- Born: 15 December 1952 (age 73) Minna, Niger State, Nigeria
- Occupations: Academic, writer
- Known for: Former President of the Nigerian Academy of Letters
- Title: Professor of Theatre Arts

Academic background
- Alma mater: University of Ibadan, California Institute of the Arts

Academic work
- Discipline: Theatre arts
- Institutions: University of Lagos
- Main interests: Theatre design and aesthetics, stage lighting, cultural studies, Nollywood

= Duro Oni =

Nigerian professor and university administrator (born 1952)

Duro Oni (Yorùbá: Dúró Òní; born on 15 December 1952) is a Nigerian professor of Theatre Arts at the University of Lagos. He served as president of the Nigerian Academy of Letters. His research interests include theatre arts design and aesthetics, stage lighting, dramatic literature and criticism, cultural studies, and the Nigerian film industry/Nollywood.

== Early life ==
Oni earned a diploma in drama from the University of Ibadan in 1973. He later completed Bachelor's and Master's of Fine Arts degrees in Performing Arts Design and Technology from the California Institute of the Arts. He achieved his Ph.D. in Theatre Arts at the University of Ibadan.

== Career ==
Oni worked as a theatre stage technician at Ahmadu Bello University, Zaria between 1973 and 1975. He was nominated for the British Council Artists Fellowship programme in 1975.

=== Public service ===

- Special adviser to the Nigerian Minister of Culture and Social Welfare from 1990 to 1991
- Adviser to the Minister of Youth and Sports from 1991 and 1992.

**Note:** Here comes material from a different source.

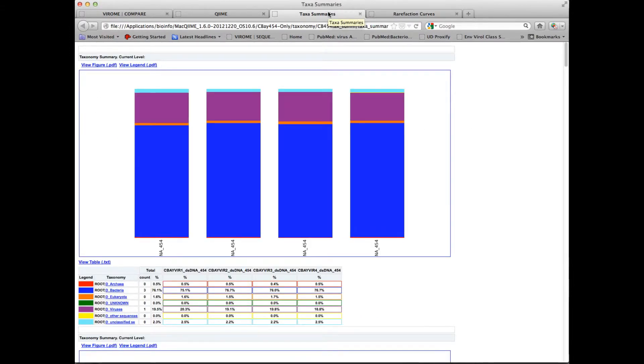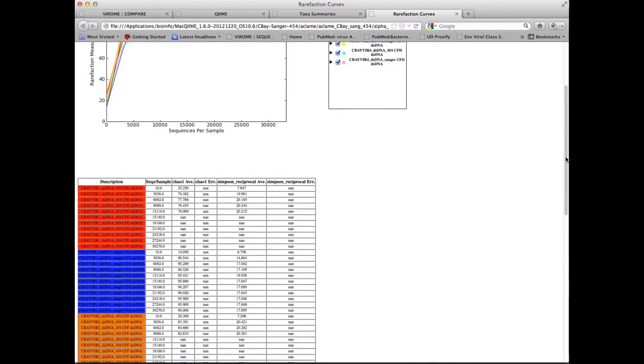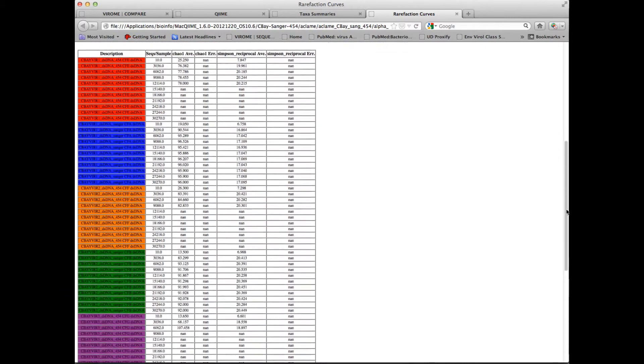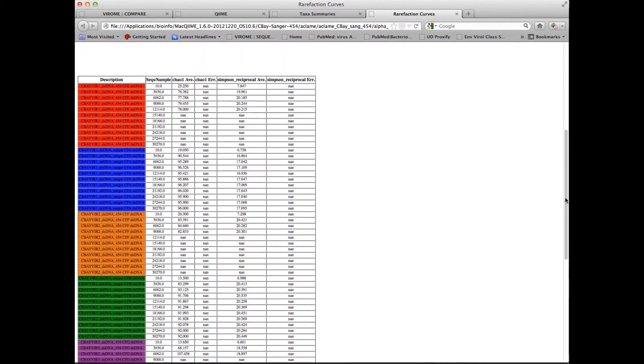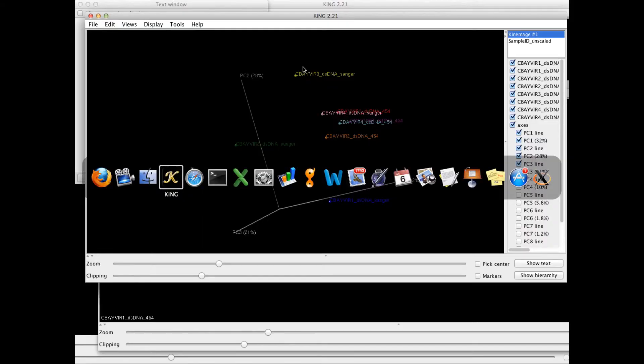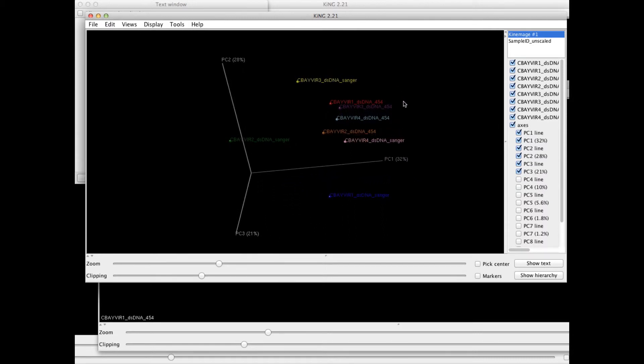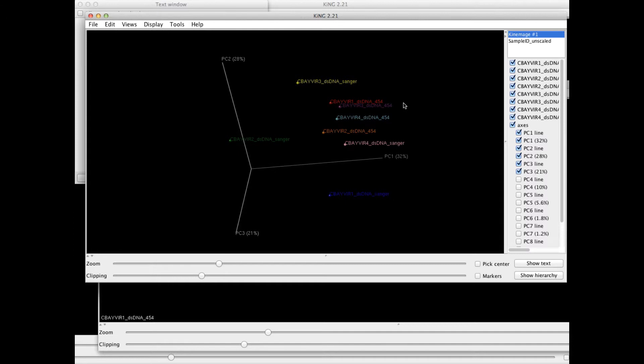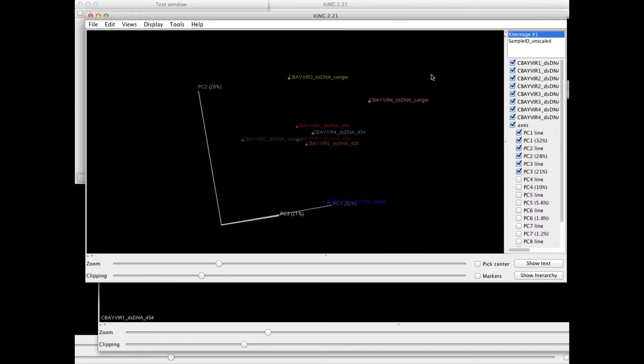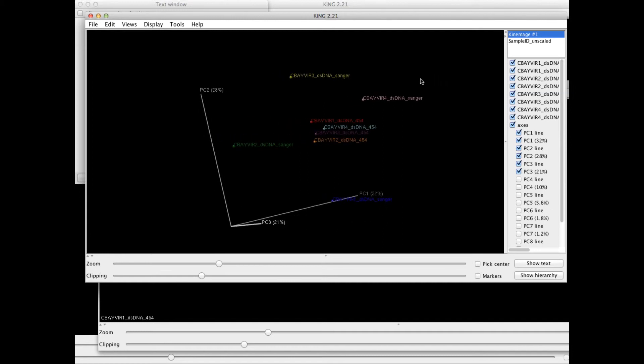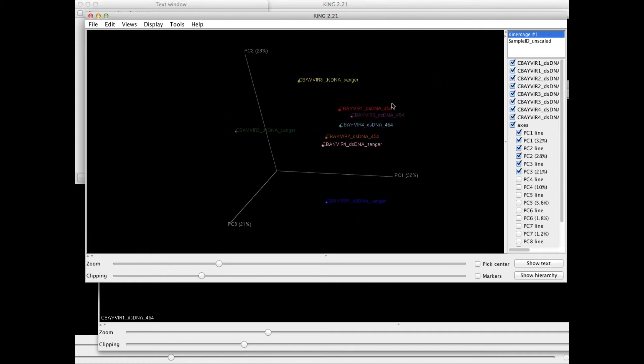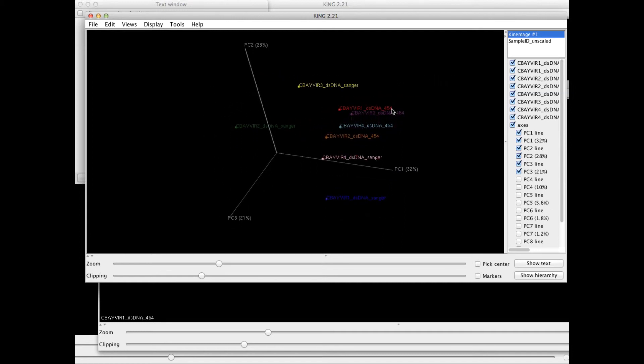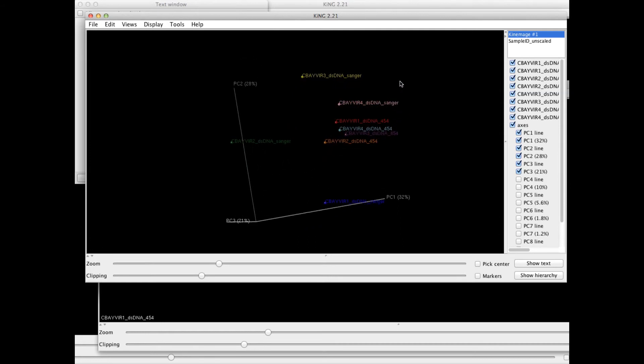Other example outputs from the CHIME package are rarefaction curves, which I show here, generated again from a Viroome biome file. This is an output of the alpha diversity pipeline. Or alternatively, you can run the beta diversity pipeline and compare libraries in principal component analysis, which I show here in the KING viewer, where you can see the position of libraries relative to one another, according to taxonomic distribution of hits.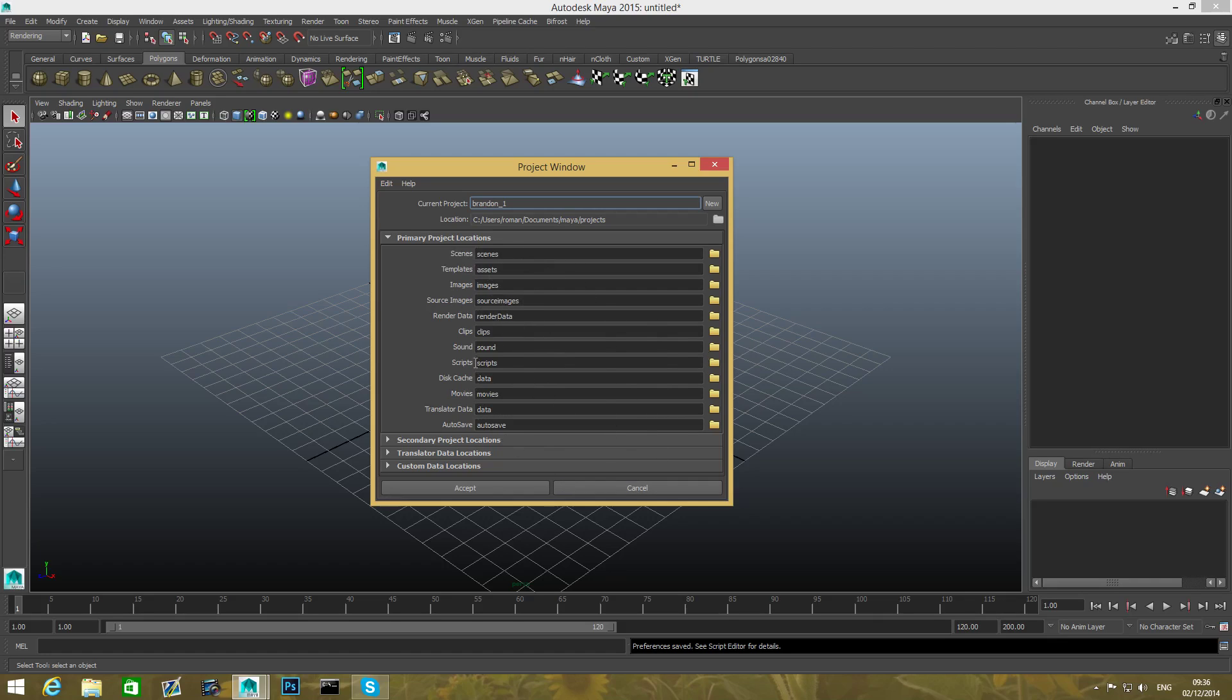Scene assets, images, source images, render data, and so on. All those are basically meant for Maya to keep your scene organized and whatever project you're dealing with into those folders, as the programmers set it to be stored there.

=== University of Lagos ===
At the University of Lagos, Oni served in several key academic and administrative roles:
- Director, Centre for Cultural Studies, University of Lagos from 1992 to 1997
- Initiated and developed the bachelor's degree programme in Creative Arts in 1997 (expanded in 2013) Chief Executive Officer of the Centre for Black and African Arts and Civilization from 2000 to 2006
- Pioneer Director of the Confucius Institute at the University of Lagos from 2008 to 2009
- Head of the Department of Creative Arts 2006–2009
- Dean of the Faculty of Arts 2009 to 2013
- Deputy Vice Chancellor (Management Services) 2013–2017

=== Nigerian Academy of Letters ===
- Vice president 2018–2021
- President 2021

Oni retired from the University of Lagos on 15 December 2022, upon reaching age 70.

== Publications ==
Oni published monographs and edited volumes, including:

- Striking Expressions: Theatre and Culture in National Development (2017)
- The Soyinka Impulse: Essays on Wole Soyinka edited with Bisi Adigun (2019)
- Larger than His Frame II: Critical Studies and Reflections on Olu Obafemi (2021)

He wrote articles in peer-reviewed academic journals such as African Performance Review and Social Dynamics.

In 2012, a festschrift, Fireworks for a Lighting Aesthetician: Essays and Tributes in Honour of Duro Oni @ 60, was published in honour of Oni's scholarship.